▶ **Exercise description**
Transcribe the full listing below, word for word, without pictures.

:: Data section ::

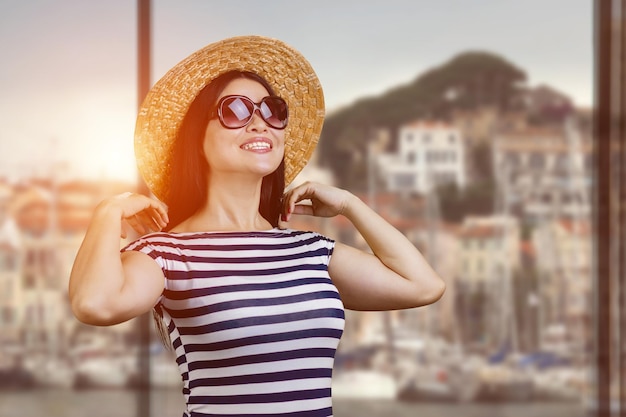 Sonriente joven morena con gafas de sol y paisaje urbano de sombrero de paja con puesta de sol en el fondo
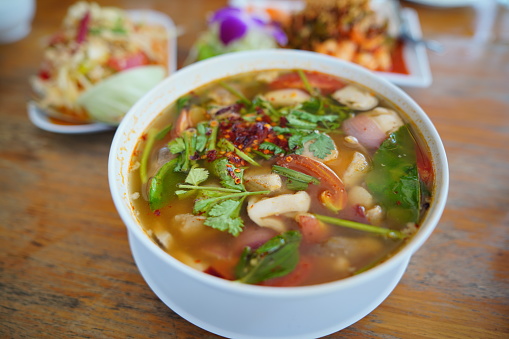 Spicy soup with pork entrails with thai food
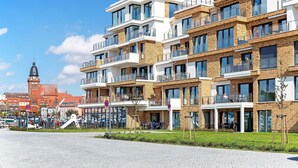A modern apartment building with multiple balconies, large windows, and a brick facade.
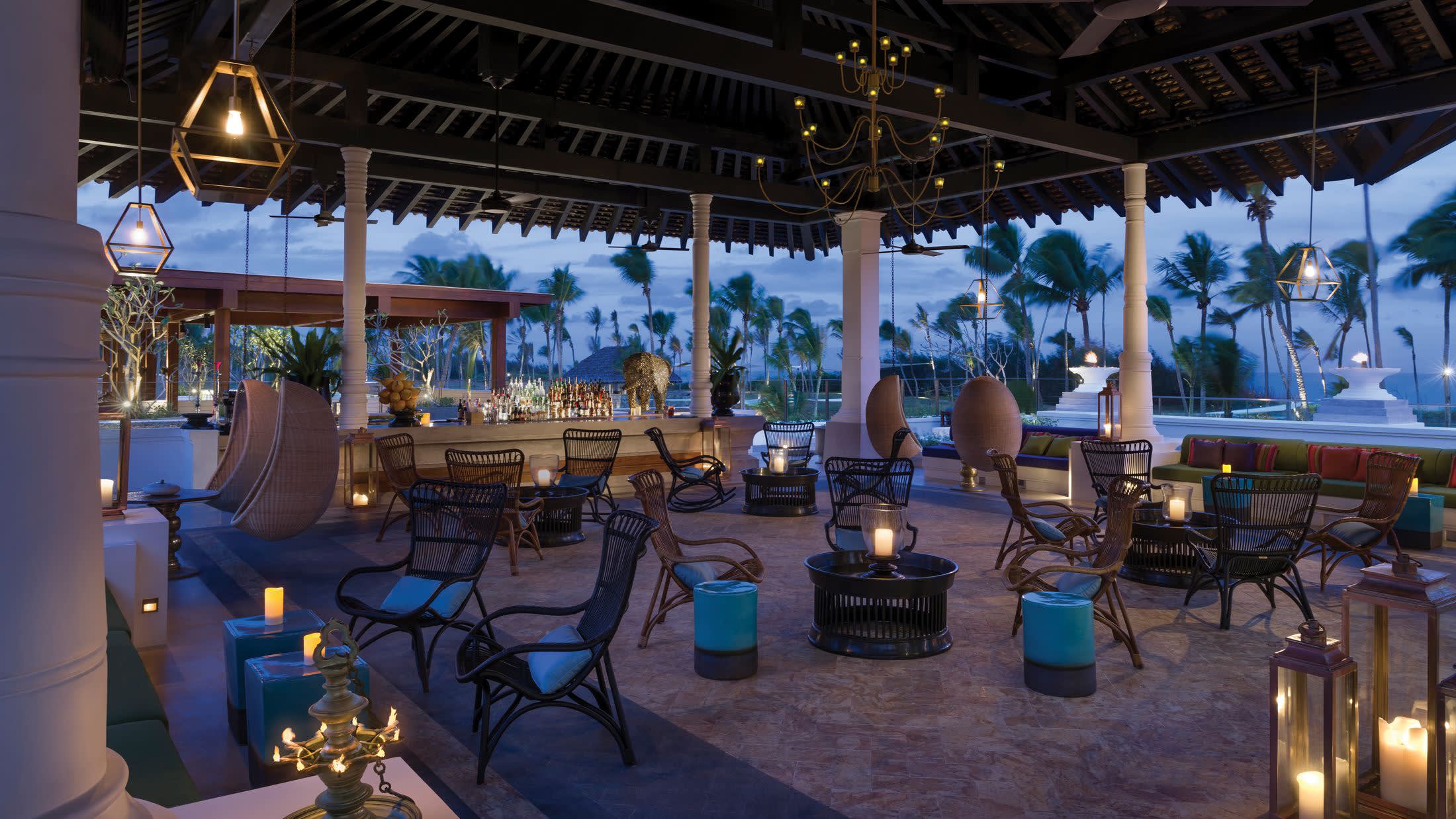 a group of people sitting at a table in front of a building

:::

▶ **Task output**
 Sonriente joven morena con gafas de sol y paisaje urbano de sombrero de paja con puesta de sol en el fondo
 Spicy soup with pork entrails with thai food
A modern apartment building with multiple balconies, large windows, and a brick facade.
 a group of people sitting at a table in front of a building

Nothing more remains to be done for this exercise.